Dans la nuit du 19 au 20 mars, Ankara a annoncé son retrait de la Convention d’Istanbul, traité international (Conseil de l’Europe) réprimant les violences contre les femmes. La décision, publiée par décret présidentiel, a suscité de nombreuses réactions nationales et internationales.
La Turquie a été l’un des premiers pays signataire du traité en 2011. Le texte prévoit notamment pour tous les États l’ayant ratifié “de protéger les femmes contre toutes les formes de violence, et de prévenir, poursuivre et éliminer la violence à l’égard des femmes et la violence domestique”. La Convention impose également la conception d’un cadre législatif entourant ces mesures.
En Turquie, les conservateurs sont depuis quelques années les principaux détracteurs de la Convention. Nombre d’entre eux ont évoqué le texte comme nuisant à la structure et aux valeurs de la famille turque tout en favorisant l’idéologie "LGBT". Dans les rangs de l’opposition, l’abandon d’un tel traité est perçu comme un échec. La vice-présidente du CHP chargée des droits humains, Gökçe Gökçen, a annoncé que cela revenait à “laisser les femmes être tuées”. De son côté, le Conseil de l’Europe a déclaré regretter cette décision qui “priverait la Turquie et les femmes turques d’un outil vital pour lutter contre la violence."
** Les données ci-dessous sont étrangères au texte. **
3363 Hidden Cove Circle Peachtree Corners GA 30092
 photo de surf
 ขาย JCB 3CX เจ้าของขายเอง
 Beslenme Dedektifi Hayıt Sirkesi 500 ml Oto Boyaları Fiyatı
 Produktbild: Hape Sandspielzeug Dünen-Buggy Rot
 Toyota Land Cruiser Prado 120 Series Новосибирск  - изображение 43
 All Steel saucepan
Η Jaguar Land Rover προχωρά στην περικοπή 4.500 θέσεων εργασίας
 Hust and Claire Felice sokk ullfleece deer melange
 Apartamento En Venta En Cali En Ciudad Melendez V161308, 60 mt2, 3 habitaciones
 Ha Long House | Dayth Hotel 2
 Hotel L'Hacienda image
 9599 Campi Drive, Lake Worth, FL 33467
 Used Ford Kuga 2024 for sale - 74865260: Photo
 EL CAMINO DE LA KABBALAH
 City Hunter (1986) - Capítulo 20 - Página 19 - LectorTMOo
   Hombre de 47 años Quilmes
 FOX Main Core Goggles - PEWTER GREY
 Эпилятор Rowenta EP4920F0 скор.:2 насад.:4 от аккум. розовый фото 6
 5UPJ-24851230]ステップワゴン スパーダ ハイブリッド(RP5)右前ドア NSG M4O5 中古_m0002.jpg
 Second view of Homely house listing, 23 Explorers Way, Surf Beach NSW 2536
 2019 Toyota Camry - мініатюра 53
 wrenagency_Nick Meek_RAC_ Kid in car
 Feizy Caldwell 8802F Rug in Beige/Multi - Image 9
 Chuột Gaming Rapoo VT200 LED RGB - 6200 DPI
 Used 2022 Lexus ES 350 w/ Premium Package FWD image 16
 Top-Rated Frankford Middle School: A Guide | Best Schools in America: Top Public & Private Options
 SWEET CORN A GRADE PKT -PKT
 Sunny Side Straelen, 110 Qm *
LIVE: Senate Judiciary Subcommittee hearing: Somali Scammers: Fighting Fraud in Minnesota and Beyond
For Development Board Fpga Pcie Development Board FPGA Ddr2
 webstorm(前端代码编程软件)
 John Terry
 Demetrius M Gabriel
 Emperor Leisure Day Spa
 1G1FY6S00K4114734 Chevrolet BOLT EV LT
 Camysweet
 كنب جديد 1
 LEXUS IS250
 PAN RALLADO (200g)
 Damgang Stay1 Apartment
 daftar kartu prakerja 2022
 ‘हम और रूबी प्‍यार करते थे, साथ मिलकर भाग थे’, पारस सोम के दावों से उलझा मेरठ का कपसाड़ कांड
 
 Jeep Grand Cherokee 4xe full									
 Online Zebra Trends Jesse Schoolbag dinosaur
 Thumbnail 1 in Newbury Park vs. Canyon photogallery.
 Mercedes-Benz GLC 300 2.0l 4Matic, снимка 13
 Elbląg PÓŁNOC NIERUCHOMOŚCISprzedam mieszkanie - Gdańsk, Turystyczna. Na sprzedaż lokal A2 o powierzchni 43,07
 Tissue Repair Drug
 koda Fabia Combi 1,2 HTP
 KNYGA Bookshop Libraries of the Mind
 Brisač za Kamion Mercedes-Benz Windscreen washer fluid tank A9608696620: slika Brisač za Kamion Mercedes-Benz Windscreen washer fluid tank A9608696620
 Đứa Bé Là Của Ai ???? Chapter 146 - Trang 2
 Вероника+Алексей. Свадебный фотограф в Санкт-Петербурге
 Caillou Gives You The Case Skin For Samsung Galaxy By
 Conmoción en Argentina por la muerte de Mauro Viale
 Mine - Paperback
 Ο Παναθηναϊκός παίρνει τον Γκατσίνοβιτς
Hausse du nombre de féminicides en Turquie
À la suite de nombreuses critiques, le ministre de l’intérieur Süleyman Soylu a annoncé que la Turquie continuerait, indépendamment, à agir contre les violences domestiques et les violences contre les femmes. Mais ces annonces n’ont pas rassuré les organisations et associations de défense des droits des femmes.
Au cours de la dernière décennie, la Turquie a connu une hausse du nombre de féminicides sur son territoire. En 2020, l’organisation “We Will Stop Feminicide” en a recensé 300. La secrétaire générale Fidan Ataselim a appelé dans un tweet à : “Renoncer à cette décision et à appliquer la Convention”.
Plusieurs manifestations ont eu lieu dans le pays ce samedi, notamment à Ankara et Izmir. À Istanbul, le cortège violet a réuni plus d’un millier de manifestants dans le quartier de Kadiköy, afin de mener un “combat collectif contre ceux qui ont abandonné la Convention d’Istanbul”.
L’Union des barreaux de Turquie et d’éminents juristes du pays ont rappelé que le retrait de la Turquie du traité est juridiquement impossible, déclarant qu’une telle décision doit être soumise à un vote du Parlement.